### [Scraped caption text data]
● ● ● ● ●

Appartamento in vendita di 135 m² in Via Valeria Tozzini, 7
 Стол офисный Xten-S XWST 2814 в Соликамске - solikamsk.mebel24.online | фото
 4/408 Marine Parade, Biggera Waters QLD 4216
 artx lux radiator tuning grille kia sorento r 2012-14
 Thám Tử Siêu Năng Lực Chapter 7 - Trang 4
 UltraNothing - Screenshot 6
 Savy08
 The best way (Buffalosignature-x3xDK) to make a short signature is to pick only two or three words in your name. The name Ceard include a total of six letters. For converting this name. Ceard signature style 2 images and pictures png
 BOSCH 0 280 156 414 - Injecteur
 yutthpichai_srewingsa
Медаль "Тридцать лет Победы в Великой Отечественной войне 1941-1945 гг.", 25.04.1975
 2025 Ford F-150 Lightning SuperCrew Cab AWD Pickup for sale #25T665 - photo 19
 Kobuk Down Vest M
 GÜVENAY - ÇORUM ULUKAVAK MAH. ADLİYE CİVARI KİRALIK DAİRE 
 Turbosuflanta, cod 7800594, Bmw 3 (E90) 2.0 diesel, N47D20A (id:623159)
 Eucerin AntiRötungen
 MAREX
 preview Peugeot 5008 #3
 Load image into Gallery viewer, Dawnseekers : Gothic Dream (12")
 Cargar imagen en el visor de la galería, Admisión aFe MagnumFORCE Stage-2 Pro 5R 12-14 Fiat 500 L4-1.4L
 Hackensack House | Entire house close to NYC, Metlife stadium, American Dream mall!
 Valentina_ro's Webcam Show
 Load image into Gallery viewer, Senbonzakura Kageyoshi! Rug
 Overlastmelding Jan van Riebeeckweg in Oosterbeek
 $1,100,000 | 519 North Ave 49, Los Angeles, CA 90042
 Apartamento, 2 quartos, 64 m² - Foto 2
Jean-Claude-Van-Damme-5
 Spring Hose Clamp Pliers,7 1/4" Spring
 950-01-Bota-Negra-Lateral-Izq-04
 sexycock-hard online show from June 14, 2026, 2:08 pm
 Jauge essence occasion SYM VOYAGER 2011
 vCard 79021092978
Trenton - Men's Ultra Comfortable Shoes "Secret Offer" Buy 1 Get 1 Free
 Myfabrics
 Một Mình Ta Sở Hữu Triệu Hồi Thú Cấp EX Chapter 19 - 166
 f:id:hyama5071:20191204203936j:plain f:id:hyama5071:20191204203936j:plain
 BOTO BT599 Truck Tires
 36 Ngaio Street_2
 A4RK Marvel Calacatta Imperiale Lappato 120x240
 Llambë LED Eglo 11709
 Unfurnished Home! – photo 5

● ● ● ● ●

### [Task to carry out]
All the records, as written, must be given again.

### [Written answer]
Appartamento in vendita di 135 m² in Via Valeria Tozzini, 7
 Стол офисный Xten-S XWST 2814 в Соликамске - solikamsk.mebel24.online | фото
 4/408 Marine Parade, Biggera Waters QLD 4216
 artx lux radiator tuning grille kia sorento r 2012-14
 Thám Tử Siêu Năng Lực Chapter 7 - Trang 4
 UltraNothing - Screenshot 6
 Savy08
 The best way (Buffalosignature-x3xDK) to make a short signature is to pick only two or three words in your name. The name Ceard include a total of six letters. For converting this name. Ceard signature style 2 images and pictures png
 BOSCH 0 280 156 414 - Injecteur
 yutthpichai_srewingsa
Медаль "Тридцать лет Победы в Великой Отечественной войне 1941-1945 гг.", 25.04.1975
 2025 Ford F-150 Lightning SuperCrew Cab AWD Pickup for sale #25T665 - photo 19
 Kobuk Down Vest M
 GÜVENAY - ÇORUM ULUKAVAK MAH. ADLİYE CİVARI KİRALIK DAİRE 
 Turbosuflanta, cod 7800594, Bmw 3 (E90) 2.0 diesel, N47D20A (id:623159)
 Eucerin AntiRötungen
 MAREX
 preview Peugeot 5008 #3
 Load image into Gallery viewer, Dawnseekers : Gothic Dream (12")
 Cargar imagen en el visor de la galería, Admisión aFe MagnumFORCE Stage-2 Pro 5R 12-14 Fiat 500 L4-1.4L
 Hackensack House | Entire house close to NYC, Metlife stadium, American Dream mall!
 Valentina_ro's Webcam Show
 Load image into Gallery viewer, Senbonzakura Kageyoshi! Rug
 Overlastmelding Jan van Riebeeckweg in Oosterbeek
 $1,100,000 | 519 North Ave 49, Los Angeles, CA 90042
 Apartamento, 2 quartos, 64 m² - Foto 2
Jean-Claude-Van-Damme-5
 Spring Hose Clamp Pliers,7 1/4" Spring
 950-01-Bota-Negra-Lateral-Izq-04
 sexycock-hard online show from June 14, 2026, 2:08 pm
 Jauge essence occasion SYM VOYAGER 2011
 vCard 79021092978
Trenton - Men's Ultra Comfortable Shoes "Secret Offer" Buy 1 Get 1 Free
 Myfabrics
 Một Mình Ta Sở Hữu Triệu Hồi Thú Cấp EX Chapter 19 - 166
 f:id:hyama5071:20191204203936j:plain f:id:hyama5071:20191204203936j:plain
 BOTO BT599 Truck Tires
 36 Ngaio Street_2
 A4RK Marvel Calacatta Imperiale Lappato 120x240
 Llambë LED Eglo 11709
 Unfurnished Home! – photo 5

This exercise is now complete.